Course Outcomes

This English grammar course will:

  • Explain the essential rules of English grammar workplace writers must understand to communicate accurately.
  • Explore different kinds of sentences and the use of each.
  • Highlight common grammatical errors and suggest tips for avoiding them.

 Course Overview

If you have ever admired a beautifully landscaped yard or bountiful vegetable plot, what you appreciated was the end result of careful planning and planting, strategic weeding and pruning, knowledge of the right amount of water and sunlight, and patience. Accurate writing is not unlike successful gardening; both require thought and application of rules that net positive results.

While Business Training Works’ other writing courses focus on the process of composition, this program reviews English grammar. Through a series of interactive exercises, the course explores rules that govern how words should be chosen, arranged, and punctuated to best convey a writer’s ideas to an audience of readers. It is designed for those who may have forgotten or never fully understood the principles of grammar.

Although knowing these rules is no guarantee someone will become a brilliant writer, such knowledge will certainly lead to error-free writing on a sentence level. Those who struggle with knowing which word form to use, which punctuation mark to insert, or which kind of sentence might provide structural variety will find this program immediately rewarding.
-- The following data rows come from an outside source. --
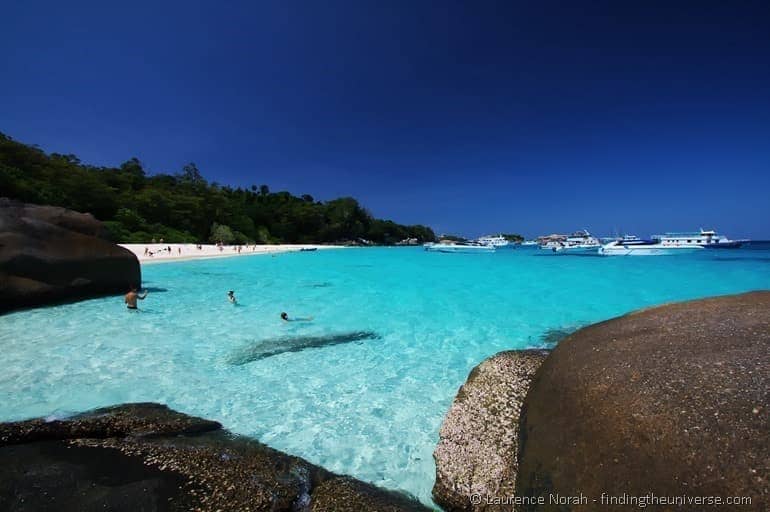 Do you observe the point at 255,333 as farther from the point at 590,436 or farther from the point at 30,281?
the point at 590,436

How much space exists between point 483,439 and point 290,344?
6.65m

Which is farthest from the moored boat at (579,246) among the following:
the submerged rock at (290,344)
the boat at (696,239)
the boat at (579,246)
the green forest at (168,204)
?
the submerged rock at (290,344)

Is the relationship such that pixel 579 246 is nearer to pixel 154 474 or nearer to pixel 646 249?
pixel 646 249

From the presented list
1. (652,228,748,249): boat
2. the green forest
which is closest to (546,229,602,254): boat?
(652,228,748,249): boat

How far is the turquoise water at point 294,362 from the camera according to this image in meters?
5.25

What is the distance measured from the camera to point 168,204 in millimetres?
56500

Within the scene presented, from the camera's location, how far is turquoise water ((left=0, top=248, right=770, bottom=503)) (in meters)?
5.25

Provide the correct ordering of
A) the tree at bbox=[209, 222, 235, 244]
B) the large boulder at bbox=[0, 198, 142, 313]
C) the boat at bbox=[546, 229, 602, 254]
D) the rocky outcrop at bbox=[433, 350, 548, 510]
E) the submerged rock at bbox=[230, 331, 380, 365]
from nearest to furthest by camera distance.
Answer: the rocky outcrop at bbox=[433, 350, 548, 510] < the submerged rock at bbox=[230, 331, 380, 365] < the large boulder at bbox=[0, 198, 142, 313] < the tree at bbox=[209, 222, 235, 244] < the boat at bbox=[546, 229, 602, 254]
For a comprehensive day of English review, this program may be combined with Business Training Works’ punctuation course.

Program Objectives

At this program’s conclusion, participants should be able to:

  • Identify the parts of speech in the English language.
  • Locate specific parts of speech in sample sentences and in self-generated sentences.
  • Know the difference between parts of speech and parts of a sentence.
  • Demonstrate variety by crafting each of the four kinds of sentences that are considered grammatically correct in English.
  • Locate and also create phrases and clauses within a sentence.
  • Recognize each of four sentence functions (declare, ask, demand, exclaim) and choose the appropriate end mark to use in each instance.
  • Understand and avoid the mistakes that lead to grammatically incorrect or incomplete sentences (fragments, comma splices, run-ons).
  • Know how to avoid misplaced or dangling modifiers.
  • Explain the math of subject-verb and pronoun-antecedent agreement.
  • Recognize and correct shifts in tense, person, tone, and so forth.
  • Demonstrate an understanding of how to create parallel structure in a sentence.
  • Identify the most frequently needed punctuation marks required for grammatically correct sentences that make the writer’s intention clear to the reader.
  • Understand and avoid the most common mistakes in English usage by careful proofreading.
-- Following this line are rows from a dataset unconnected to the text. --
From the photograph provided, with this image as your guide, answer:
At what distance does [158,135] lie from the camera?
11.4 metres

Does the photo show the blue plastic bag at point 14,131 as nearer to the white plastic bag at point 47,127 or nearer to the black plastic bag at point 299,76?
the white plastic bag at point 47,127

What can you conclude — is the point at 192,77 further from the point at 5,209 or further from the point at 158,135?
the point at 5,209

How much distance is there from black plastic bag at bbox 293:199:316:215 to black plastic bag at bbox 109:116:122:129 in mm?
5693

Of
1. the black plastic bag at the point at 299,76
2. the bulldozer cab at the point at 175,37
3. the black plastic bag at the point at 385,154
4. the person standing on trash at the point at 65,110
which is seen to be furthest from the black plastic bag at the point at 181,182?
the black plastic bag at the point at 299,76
The following outline highlights some of the course’s key learning points. As part of your training program, we will modify content as needed to meet your business objectives. Upon request, we will provide you with a copy of participant materials prior to the session(s).

Workshop Outline

Prepping for Planting: Know the Resources

Before presenting ideas in writing to others, it’s necessary to think, plan, and amass what you’ll need to make yourself understood. In the initial segment of this workshop, we will dig into the “tool bag” of information writers must have in order to construct grammatically correct sentences. Our discussion will include a review of both the parts of speech and the parts of a sentence. Participants will see samples of other writers’ texts before generating their own sentences to reinforce their understanding of these two broad terms.
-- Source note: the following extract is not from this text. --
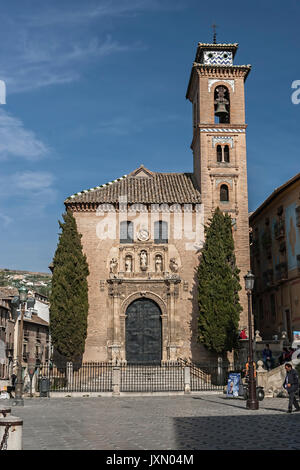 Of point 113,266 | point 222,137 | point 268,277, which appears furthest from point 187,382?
point 222,137

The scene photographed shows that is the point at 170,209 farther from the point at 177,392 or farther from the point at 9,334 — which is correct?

Assemble the Necessary Tools: Consider What’s Best for Each Task

Following the discussion of how words function by themselves and when combined with others to form sentences, we will examine four kinds of grammatically correct sentences that crop up in writing (simple, compound, complex, and compound-complex). Some are rows of words that yield one single thought. Others begin on one path and suddenly direct the reader toward a mixed bed of ideas. Participants will learn the benefit of knowing how to write each type of sentence and how to correctly incorporate phrases and clauses in those sentences for the purpose of maintaining their readers’ interest.

Plant with a Purpose: Know the Effect You Want to Create

Beyond knowing sentence structure options, participants must also understand the connection between what words mean and how their placement and punctuation in a sentence can be multi-functional. Depending in part on how a sentence ends, writers indicate whether they are making a statement, asking a question, giving an order, or expressing intense emotion.

Get Rid of Those Weeds: Stop Common Grammar Problems Before They Multiply

With an understanding of what should be done to construct grammatically correct sentences, participants will examine some of the most frequent mistakes writers make. We will consider such problems as sentence fragments and run-ons, misplaced modifiers, and a lack of parallel structure for the purpose of knowing what these are and how to avoid them.

Stake Your Ideas: Use Punctuation for Support

In addition to knowing how combined words serve to convey a writer’s thoughts, it’s also necessary for participants to understand the importance of punctuation marks. Without them, readers can’t “hear” the writer’s voice or know whether to take a breath or stop reading completely. When used accurately, punctuation marks clarify the writer’s intent.

Harvest the Rewards: Proofreading Tips for High-Yield Benefits

The final segment of this program will be spent on identifying and knowing how to correct the most common English usage mistakes writers make. Such errors are frequently caught when writers take the time to distance themselves from what they have written before they proofread.

At the end of this active session, participants should have a better understanding of the rules of grammar and how they apply to the field of writing.